>>>

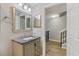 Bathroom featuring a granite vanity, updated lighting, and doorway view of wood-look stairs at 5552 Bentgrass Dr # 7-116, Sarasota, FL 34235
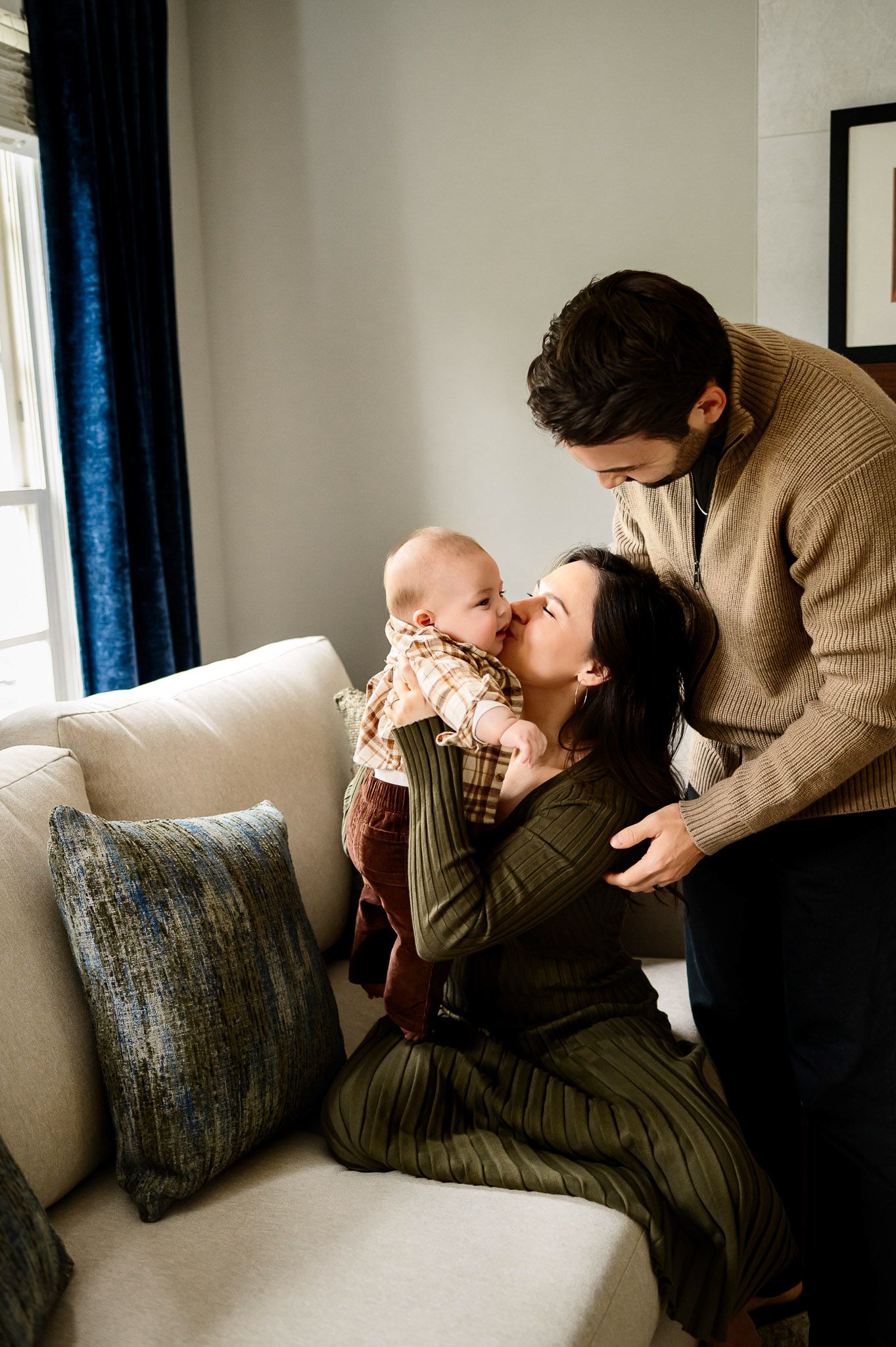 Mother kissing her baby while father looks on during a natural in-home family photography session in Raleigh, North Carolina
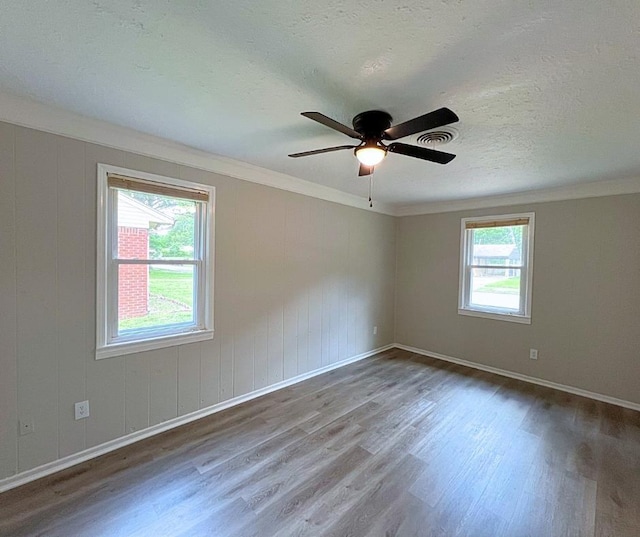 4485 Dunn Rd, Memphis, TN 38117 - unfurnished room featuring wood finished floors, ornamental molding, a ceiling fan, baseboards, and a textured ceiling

<<<
>>>

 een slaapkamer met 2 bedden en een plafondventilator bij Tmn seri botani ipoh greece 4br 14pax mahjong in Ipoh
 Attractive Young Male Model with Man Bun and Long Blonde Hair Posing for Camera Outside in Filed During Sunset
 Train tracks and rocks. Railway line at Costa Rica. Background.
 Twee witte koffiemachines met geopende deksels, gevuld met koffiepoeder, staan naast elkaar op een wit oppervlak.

<<<

Repeat, without pictures, exactly the lines of the data above from the one containing "Bathroom featuring a" through the one containing "4485 Dunn Rd, Memphis, TN", including both and adding nothing.

◆ **RESULT OF THE EXERCISE**
 Bathroom featuring a granite vanity, updated lighting, and doorway view of wood-look stairs at 5552 Bentgrass Dr # 7-116, Sarasota, FL 34235
 Mother kissing her baby while father looks on during a natural in-home family photography session in Raleigh, North Carolina
 4485 Dunn Rd, Memphis, TN 38117 - unfurnished room featuring wood finished floors, ornamental molding, a ceiling fan, baseboards, and a textured ceiling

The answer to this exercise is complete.